当連結会計年度末の総資産は、前連結会計年度末に比べ8億86百万円増加し104億7百万円となりました。流動資産は6億3百万円増加し65億45百万円、固定資産は2億82百万円増加し38億62百万円となりました。流動資産の増加の主な要因は、現金及び預金の増加3億59百万円、たな卸資産の増加2億7百万円などであり、固定資産の増加の主な要因は、投資有価証券の増加1億39百万円、工具、器具及び備品の増加1億3百万円などであります。
負債は、買掛金の増加1億20百万円などが主な要因で、前連結会計年度末に比べ1億98百万円増加し、17億30百万円となりました。
純資産につきましては、前連結会計年度末に比べ6億87百万円増加し、86億77百万円となりました。自己資本比率は83.4%(前期83.9%)となっております。
(2)経営成績
当連結会計年度は、販売競争が厳しさを増す中、主力製品を中心とした拡大販売活動やきめ細かな新規開拓、さらに当社独自のスズモフェアの開催など総力を挙げて取り組みました。また、お客様からのご提案・ご要望などを経営に反映させるべく、お客様満足度調査を数年にわたり実施しております。
また、生産面においては、原価低減活動や工程管理の合理化、品質保証体制の充実に取り組みました。管理部門におきましても、業務の効率化や経費削減に取り組み業績向上と経営基盤の強化に努めました。

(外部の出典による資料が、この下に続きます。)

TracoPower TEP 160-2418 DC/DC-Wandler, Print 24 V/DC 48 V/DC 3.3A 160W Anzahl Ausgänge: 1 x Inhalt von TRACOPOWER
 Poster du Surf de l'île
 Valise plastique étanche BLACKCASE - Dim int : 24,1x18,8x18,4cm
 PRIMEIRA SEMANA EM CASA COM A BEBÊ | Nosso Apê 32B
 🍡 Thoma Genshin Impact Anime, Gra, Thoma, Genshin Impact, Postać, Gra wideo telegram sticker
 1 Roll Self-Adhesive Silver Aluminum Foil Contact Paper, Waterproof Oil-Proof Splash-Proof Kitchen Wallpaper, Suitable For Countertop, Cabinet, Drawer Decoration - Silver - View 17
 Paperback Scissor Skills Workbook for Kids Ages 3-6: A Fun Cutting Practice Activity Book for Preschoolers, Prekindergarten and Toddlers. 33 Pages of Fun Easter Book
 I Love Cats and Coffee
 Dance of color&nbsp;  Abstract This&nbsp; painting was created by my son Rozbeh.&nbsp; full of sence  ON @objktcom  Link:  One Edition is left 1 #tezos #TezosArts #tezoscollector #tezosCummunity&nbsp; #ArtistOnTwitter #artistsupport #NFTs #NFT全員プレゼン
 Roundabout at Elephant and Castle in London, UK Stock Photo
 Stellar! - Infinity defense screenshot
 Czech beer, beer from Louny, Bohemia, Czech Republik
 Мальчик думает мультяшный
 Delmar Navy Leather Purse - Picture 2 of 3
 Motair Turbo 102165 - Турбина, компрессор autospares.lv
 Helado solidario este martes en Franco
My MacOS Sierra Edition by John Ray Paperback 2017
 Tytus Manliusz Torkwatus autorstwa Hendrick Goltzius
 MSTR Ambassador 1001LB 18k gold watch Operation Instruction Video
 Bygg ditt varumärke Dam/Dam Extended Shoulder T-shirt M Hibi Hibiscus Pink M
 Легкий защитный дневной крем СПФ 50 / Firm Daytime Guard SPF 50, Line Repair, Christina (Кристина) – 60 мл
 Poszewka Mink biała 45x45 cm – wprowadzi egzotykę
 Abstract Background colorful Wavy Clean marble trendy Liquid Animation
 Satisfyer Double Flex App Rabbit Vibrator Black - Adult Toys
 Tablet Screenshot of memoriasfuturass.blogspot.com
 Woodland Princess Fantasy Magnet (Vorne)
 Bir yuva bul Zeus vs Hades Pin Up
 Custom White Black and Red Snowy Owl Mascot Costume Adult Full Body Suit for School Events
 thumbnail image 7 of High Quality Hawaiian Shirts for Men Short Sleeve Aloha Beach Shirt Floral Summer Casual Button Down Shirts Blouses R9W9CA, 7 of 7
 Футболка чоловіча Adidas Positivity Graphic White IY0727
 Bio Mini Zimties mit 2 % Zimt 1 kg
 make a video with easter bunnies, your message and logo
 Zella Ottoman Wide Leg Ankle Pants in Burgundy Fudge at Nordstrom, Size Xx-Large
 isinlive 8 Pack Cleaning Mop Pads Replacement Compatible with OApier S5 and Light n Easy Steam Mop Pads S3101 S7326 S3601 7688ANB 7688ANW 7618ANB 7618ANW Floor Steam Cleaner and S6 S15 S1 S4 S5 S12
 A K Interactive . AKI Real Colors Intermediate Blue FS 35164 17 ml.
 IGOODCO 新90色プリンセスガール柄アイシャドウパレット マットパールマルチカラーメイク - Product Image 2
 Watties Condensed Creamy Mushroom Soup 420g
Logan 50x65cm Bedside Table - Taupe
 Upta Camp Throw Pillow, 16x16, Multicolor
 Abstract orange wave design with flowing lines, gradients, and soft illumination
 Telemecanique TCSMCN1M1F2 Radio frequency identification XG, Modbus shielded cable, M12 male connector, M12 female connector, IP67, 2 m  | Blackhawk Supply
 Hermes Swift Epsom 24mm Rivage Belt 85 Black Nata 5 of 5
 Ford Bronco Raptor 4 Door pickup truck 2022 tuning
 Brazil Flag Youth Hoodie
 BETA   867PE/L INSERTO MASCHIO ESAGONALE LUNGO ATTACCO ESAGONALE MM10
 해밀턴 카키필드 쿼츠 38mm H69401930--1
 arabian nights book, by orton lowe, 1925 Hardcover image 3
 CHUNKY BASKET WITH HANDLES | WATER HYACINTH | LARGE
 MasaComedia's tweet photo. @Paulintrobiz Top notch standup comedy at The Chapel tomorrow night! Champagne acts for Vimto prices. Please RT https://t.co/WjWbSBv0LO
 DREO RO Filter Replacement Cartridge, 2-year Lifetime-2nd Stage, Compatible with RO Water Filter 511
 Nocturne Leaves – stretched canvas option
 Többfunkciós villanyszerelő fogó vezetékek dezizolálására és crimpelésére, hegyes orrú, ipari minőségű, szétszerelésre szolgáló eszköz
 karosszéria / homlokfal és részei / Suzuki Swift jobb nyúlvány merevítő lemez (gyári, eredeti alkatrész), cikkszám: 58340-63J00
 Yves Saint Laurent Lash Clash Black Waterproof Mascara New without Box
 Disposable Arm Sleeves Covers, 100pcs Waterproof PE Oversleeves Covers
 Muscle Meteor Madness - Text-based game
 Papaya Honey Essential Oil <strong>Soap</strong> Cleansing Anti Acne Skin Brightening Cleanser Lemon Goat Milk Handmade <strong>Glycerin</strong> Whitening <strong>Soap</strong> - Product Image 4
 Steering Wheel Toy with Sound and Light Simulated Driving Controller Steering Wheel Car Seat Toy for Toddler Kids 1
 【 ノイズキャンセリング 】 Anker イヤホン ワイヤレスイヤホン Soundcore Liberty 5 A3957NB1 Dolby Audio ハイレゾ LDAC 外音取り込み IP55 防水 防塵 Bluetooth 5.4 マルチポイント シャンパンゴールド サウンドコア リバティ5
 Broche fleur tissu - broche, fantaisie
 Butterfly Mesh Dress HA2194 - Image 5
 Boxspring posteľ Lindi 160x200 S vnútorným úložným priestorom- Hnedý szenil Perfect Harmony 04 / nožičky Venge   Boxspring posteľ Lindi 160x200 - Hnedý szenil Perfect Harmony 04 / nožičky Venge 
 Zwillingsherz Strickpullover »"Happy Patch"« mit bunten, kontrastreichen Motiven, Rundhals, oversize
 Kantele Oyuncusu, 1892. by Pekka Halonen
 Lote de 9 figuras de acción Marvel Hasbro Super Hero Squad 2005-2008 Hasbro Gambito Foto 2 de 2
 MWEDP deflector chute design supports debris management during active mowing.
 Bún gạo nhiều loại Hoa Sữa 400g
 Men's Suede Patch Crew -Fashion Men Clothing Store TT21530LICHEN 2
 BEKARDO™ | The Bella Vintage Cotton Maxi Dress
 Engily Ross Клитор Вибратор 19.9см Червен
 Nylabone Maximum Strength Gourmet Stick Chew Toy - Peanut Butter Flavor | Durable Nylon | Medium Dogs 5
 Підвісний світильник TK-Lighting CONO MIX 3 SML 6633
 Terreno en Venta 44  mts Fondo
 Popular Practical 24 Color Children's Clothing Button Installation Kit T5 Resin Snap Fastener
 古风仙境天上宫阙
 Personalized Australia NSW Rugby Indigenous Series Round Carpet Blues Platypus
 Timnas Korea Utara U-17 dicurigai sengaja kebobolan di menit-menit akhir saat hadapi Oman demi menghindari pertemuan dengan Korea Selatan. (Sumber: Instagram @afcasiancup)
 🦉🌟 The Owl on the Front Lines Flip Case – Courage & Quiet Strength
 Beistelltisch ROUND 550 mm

このような結果、当連結会計年度の売上高は、83億77百万円となりました。セグメント別の内訳は、米飯加工機械関連事業の売上高77億25百万円、衛生資材関連事業の売上高6億51百万円となりました。
売上総利益は39億90百万円で、売上総利益率は47.6%となりました。
販売費及び一般管理費は27億18百万円で、売上高販管費比率は32.5%となりました。
営業利益は12億72百万円で、営業利益率は15.2%となりました。
経常利益は12億82百万円で、経常利益率は15.3%となりました。
親会社株主に帰属する当期純利益は7億79百万円で、親会社株主に帰属する当期純利益率は9.3%となりました。その結果、1株当たり当期純利益は、128円74銭となりました。
(3)キャッシュ・フローの状況の分析
当連結会計年度におけるキャッシュ・フローの状況につきましては、1業績等の概要(2)キャッシュ・フローの状況に記載のとおりであります。